[WORK ORDER] The output must be exactly the lines from the "Tired of being" line through the end of the listing below, with no picture included.

++++++

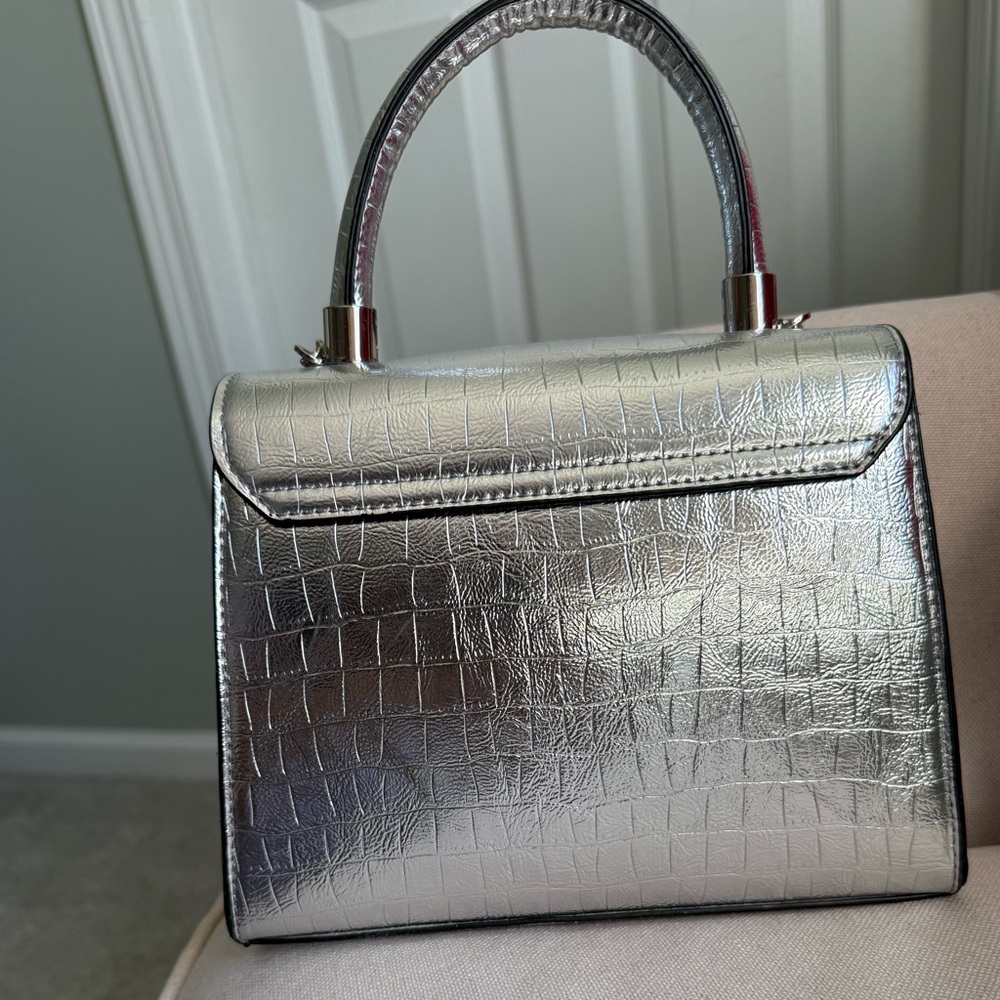 ALDO Silver Croc-Embossed Chain Handle Bag - Picture 2 of 4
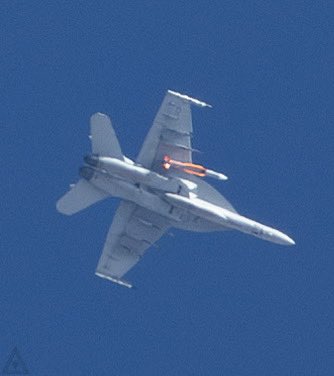 SM-6 F/A-18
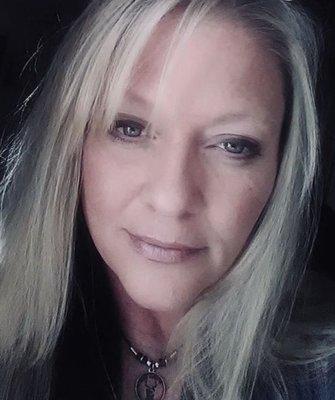 Tired of being screwed over by metro by T-Mobile in cleburne tx off Henderson St!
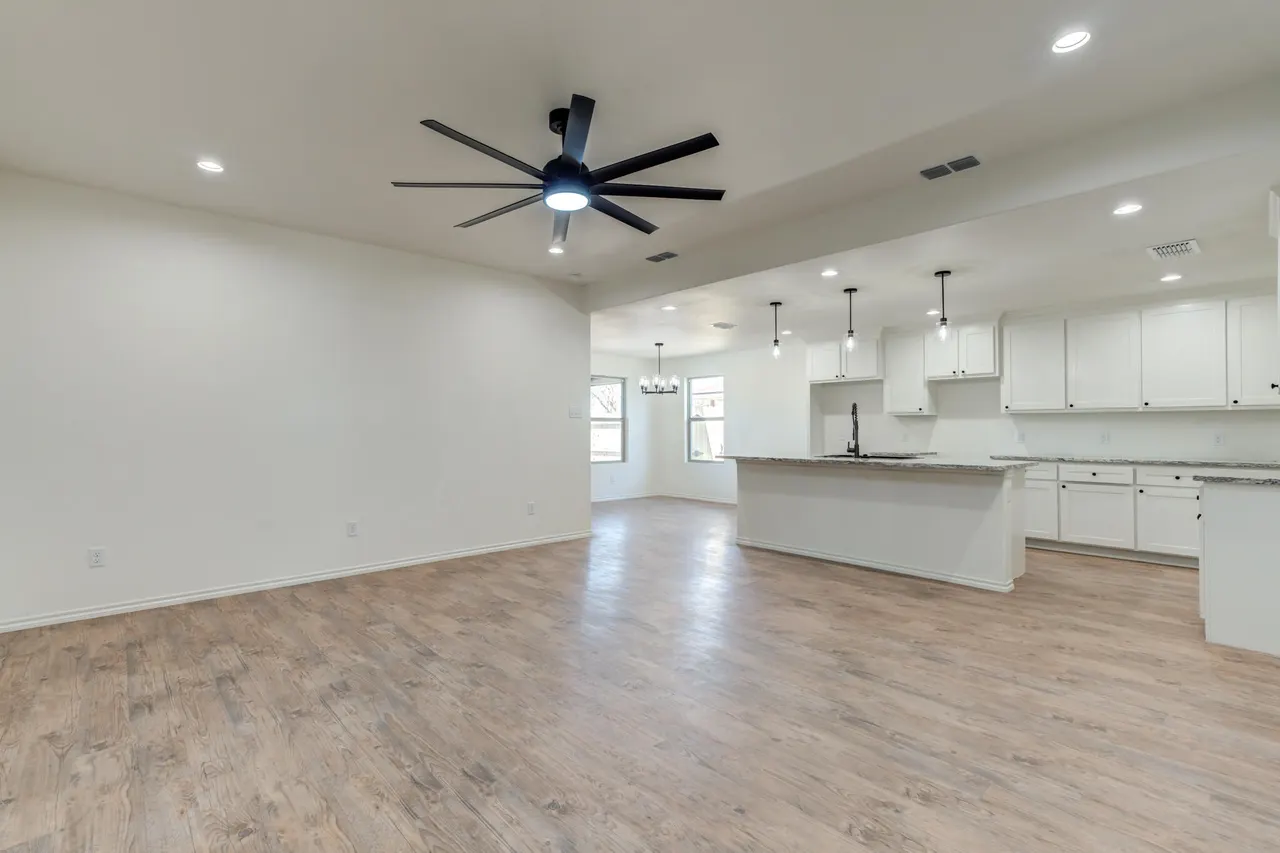 Photo 5 — 901 E Fordham Street, Lubbock, TX 79403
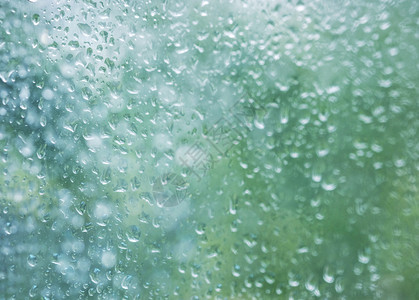 美丽的模糊寒冷玻璃窗纹理上雨滴背景季图片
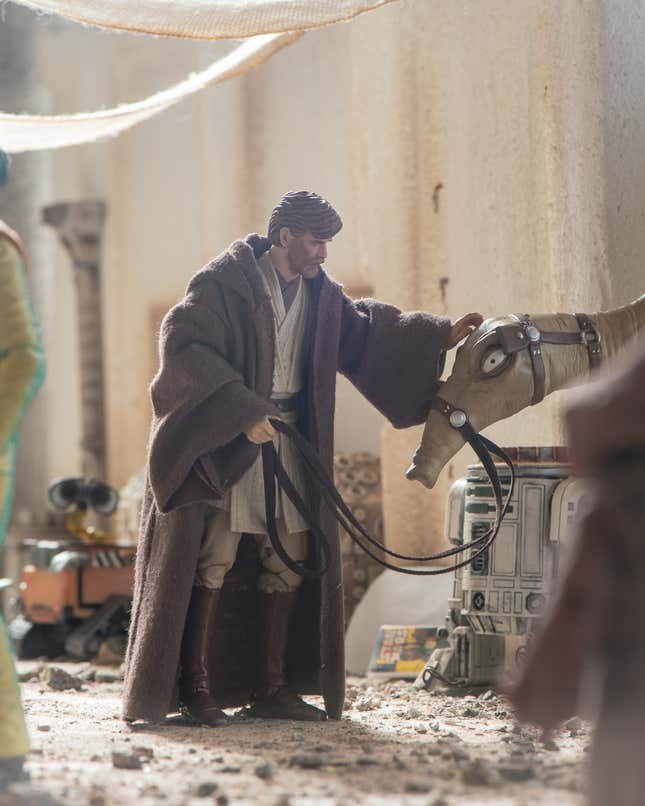 Image for article titled Enjoy These Incredible Star Wars Toy Photos for May 4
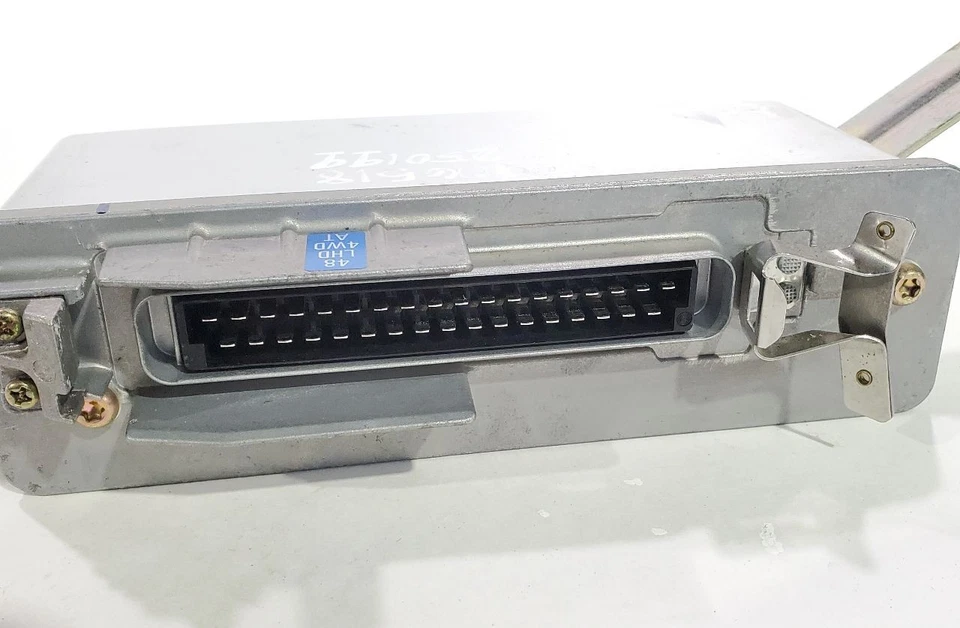 1992 1993 Subaru SVX OEM ABS Control 26720pa000 - Image 3 of 4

++++++

[SOLUTION FOR THIS EXERCISE]
 Tired of being screwed over by metro by T-Mobile in cleburne tx off Henderson St!
 Photo 5 — 901 E Fordham Street, Lubbock, TX 79403
 美丽的模糊寒冷玻璃窗纹理上雨滴背景季图片
 Image for article titled Enjoy These Incredible Star Wars Toy Photos for May 4
 1992 1993 Subaru SVX OEM ABS Control 26720pa000 - Image 3 of 4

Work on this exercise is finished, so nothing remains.